● **Exercise brief**
From the line with "this 730×431 image." to the final line of the data below, please write out every line exactly, with no pictures.

● **Given data**
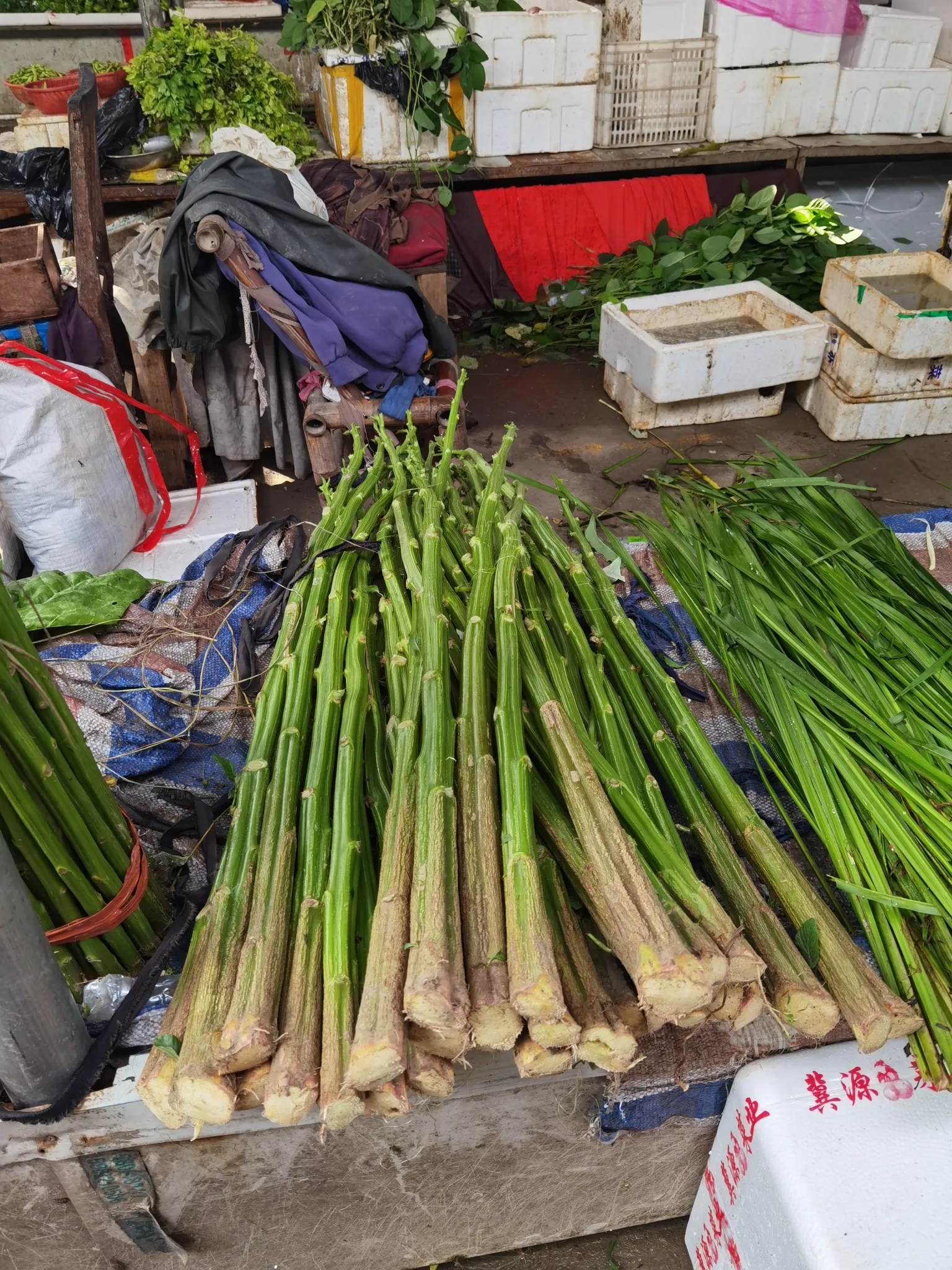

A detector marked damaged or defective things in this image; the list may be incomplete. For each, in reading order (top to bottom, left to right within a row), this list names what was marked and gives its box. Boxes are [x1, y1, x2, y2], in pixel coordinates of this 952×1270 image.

rusty stained crate [0, 223, 61, 325]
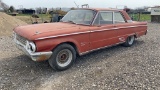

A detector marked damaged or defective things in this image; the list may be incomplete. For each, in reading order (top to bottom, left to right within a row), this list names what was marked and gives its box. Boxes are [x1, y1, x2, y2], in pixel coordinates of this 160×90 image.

rusty body panel [13, 8, 148, 61]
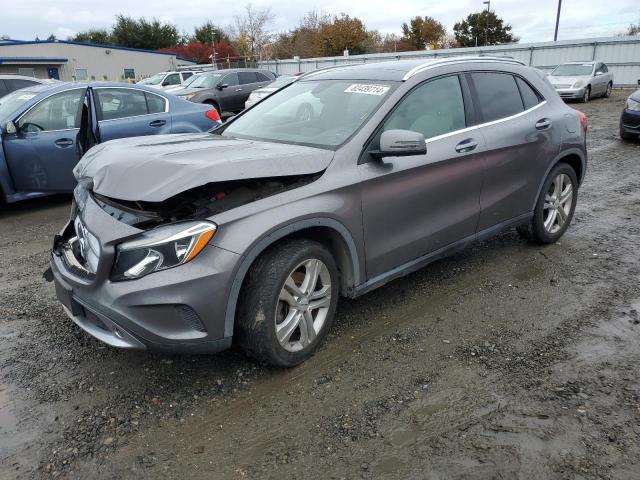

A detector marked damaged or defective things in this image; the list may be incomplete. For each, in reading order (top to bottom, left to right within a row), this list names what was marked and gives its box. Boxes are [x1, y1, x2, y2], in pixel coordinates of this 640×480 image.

damaged car hood open [74, 132, 336, 202]
crumpled hood [75, 133, 336, 202]
damaged front bumper [47, 193, 241, 354]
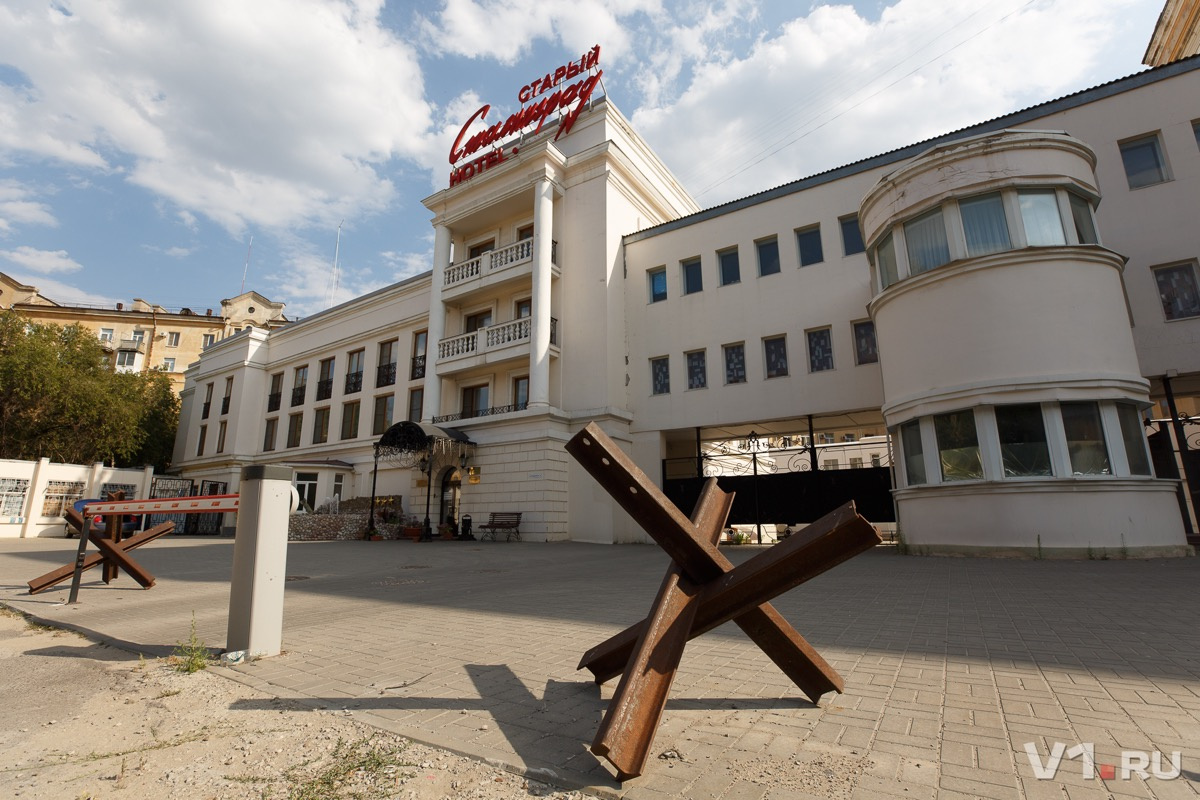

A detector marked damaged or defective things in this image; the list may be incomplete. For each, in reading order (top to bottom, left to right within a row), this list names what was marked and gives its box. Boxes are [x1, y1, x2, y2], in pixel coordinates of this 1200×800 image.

rusted steel beam [28, 522, 175, 597]
rusted steel beam [590, 479, 729, 777]
rusted steel beam [576, 501, 878, 700]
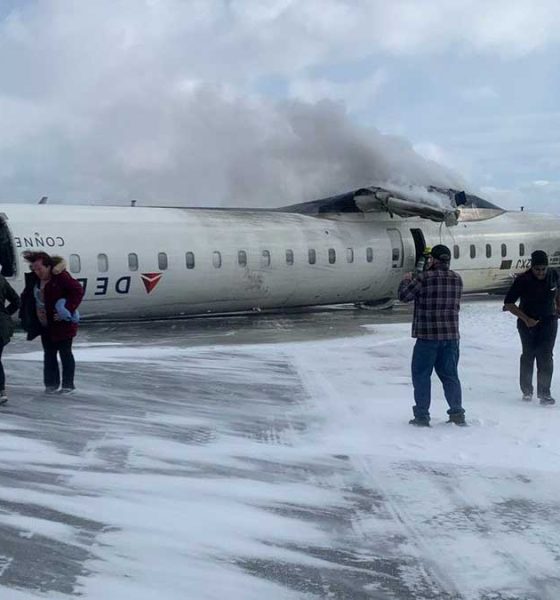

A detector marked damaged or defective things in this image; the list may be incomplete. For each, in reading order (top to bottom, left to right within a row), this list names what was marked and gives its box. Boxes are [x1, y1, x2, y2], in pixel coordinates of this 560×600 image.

crashed delta airplane [1, 185, 560, 322]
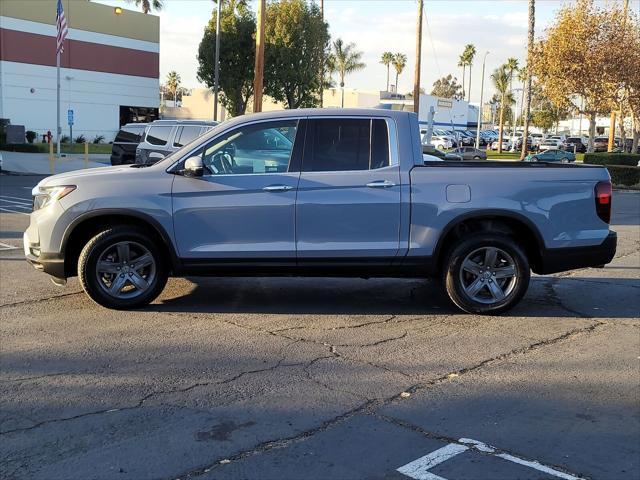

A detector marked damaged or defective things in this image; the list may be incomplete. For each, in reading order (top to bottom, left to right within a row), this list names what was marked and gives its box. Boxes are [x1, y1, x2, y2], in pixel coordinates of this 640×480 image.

cracked pavement [1, 177, 640, 480]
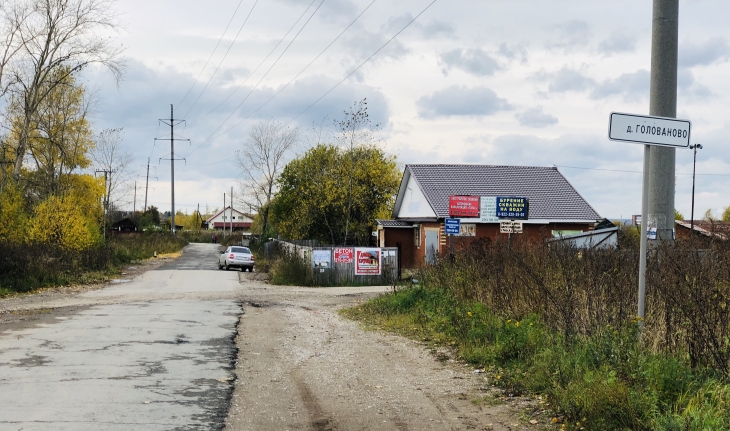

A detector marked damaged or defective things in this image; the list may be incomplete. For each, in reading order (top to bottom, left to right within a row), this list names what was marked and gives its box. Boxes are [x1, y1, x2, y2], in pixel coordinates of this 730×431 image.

cracked asphalt [0, 245, 240, 430]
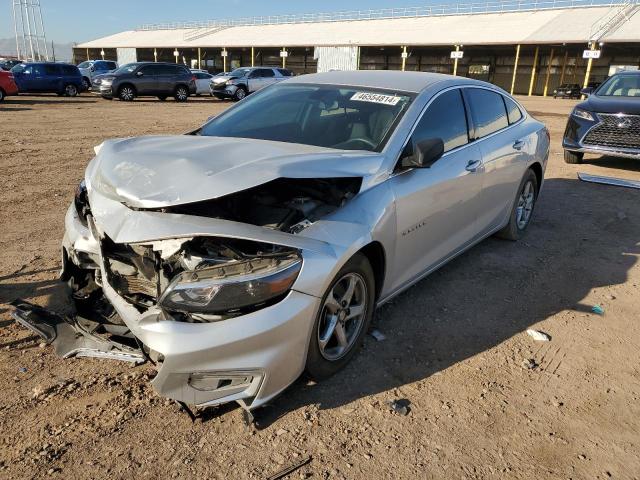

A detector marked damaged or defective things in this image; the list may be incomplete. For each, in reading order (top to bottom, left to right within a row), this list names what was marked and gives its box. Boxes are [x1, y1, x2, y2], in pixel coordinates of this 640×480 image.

broken bumper [20, 202, 324, 408]
damaged headlight [159, 255, 302, 316]
crumpled hood [87, 136, 382, 209]
wrecked silver sedan [10, 70, 552, 412]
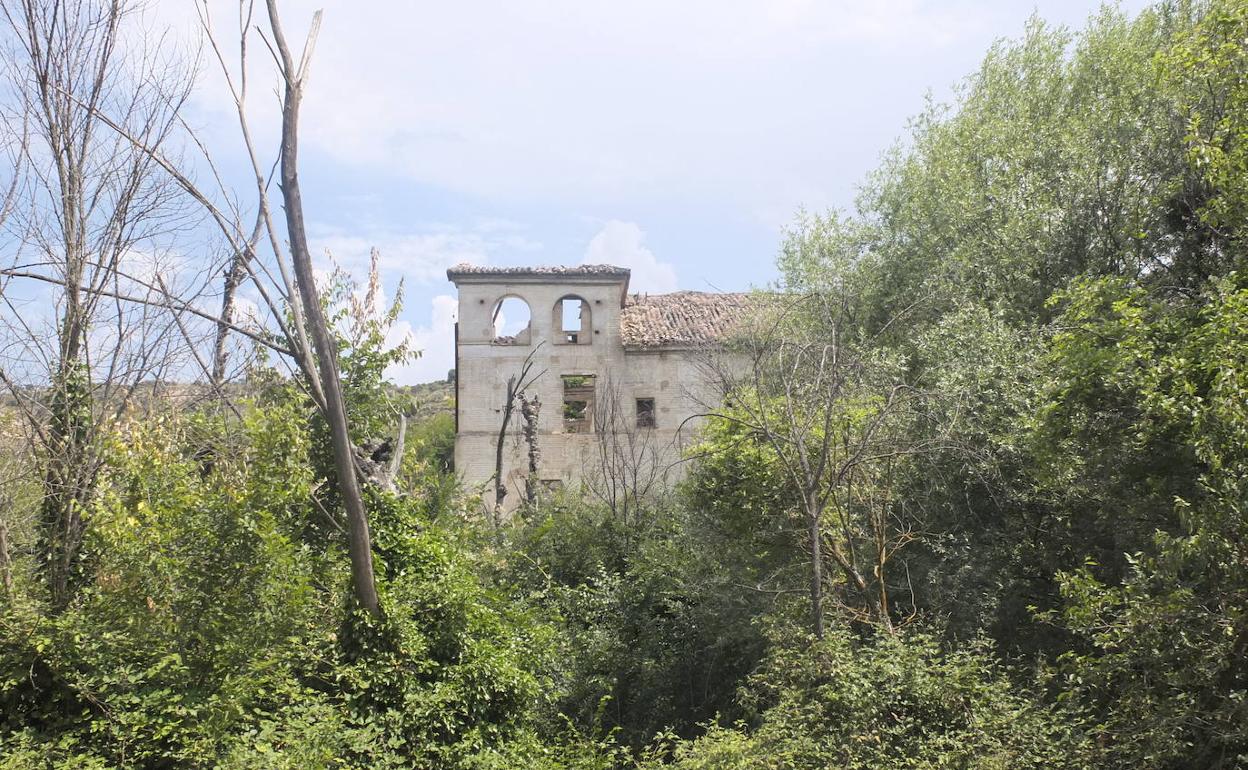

● **Written response**
A detector marked damaged or defective things in this image; the list may be incomplete. For each, in reading order (top to bottom, left to right within a row), this list names what was marked and gives its box. Boxes are [x1, y1, x2, y2], in pixel coordinates of this 730×431 image.

cracked asphalt [0, 245, 240, 430]

A detector marked damaged or defective things in this image; the list may be incomplete. For each, in reading order (top to bottom, left to right within a row), this list names what was marked and gives its box. Boxes are [x1, y1, x2, y2], in pixel coordinates of this 640×480 image.

broken bumper [20, 202, 324, 408]
damaged headlight [159, 255, 302, 316]
crumpled hood [87, 136, 382, 209]
wrecked silver sedan [10, 70, 552, 412]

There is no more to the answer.